Provided material:
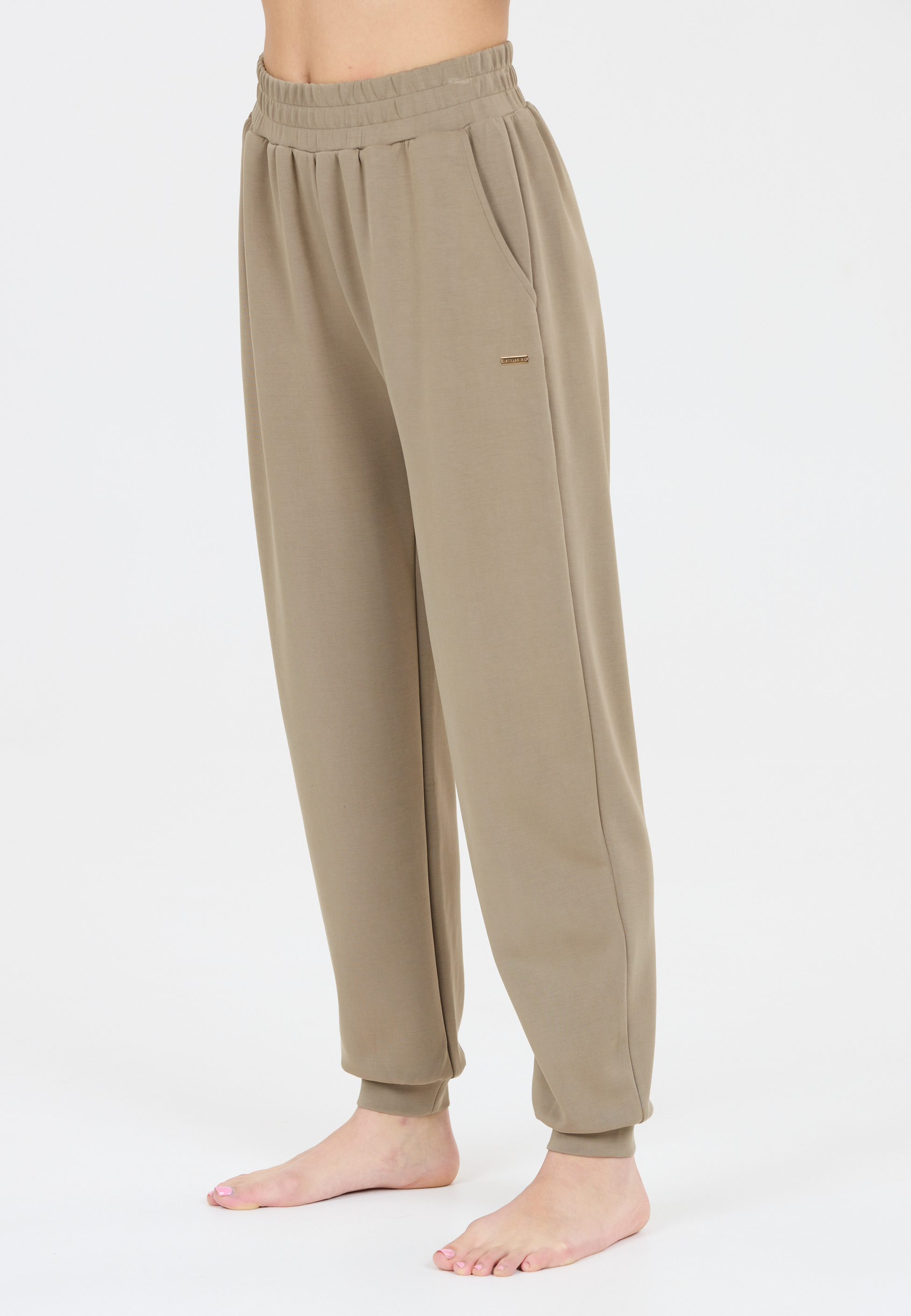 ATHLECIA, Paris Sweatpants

* * *

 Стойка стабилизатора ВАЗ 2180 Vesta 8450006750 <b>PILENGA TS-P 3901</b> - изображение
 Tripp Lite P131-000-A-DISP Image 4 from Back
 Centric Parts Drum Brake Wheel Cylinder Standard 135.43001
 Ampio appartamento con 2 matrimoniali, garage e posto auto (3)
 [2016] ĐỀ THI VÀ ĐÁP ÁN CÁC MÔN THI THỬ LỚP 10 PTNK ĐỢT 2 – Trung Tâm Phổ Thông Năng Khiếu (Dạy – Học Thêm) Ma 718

What to do: Leave out every line above except those from the line with "Tripp Lite P131-000-A-DISP Image 4 from Back" up to and including the line with "[2016] ĐỀ THI", and copy those exactly.

Task response:
 Tripp Lite P131-000-A-DISP Image 4 from Back
 Centric Parts Drum Brake Wheel Cylinder Standard 135.43001
 Ampio appartamento con 2 matrimoniali, garage e posto auto (3)
 [2016] ĐỀ THI VÀ ĐÁP ÁN CÁC MÔN THI THỬ LỚP 10 PTNK ĐỢT 2 – Trung Tâm Phổ Thông Năng Khiếu (Dạy – Học Thêm) Ma 718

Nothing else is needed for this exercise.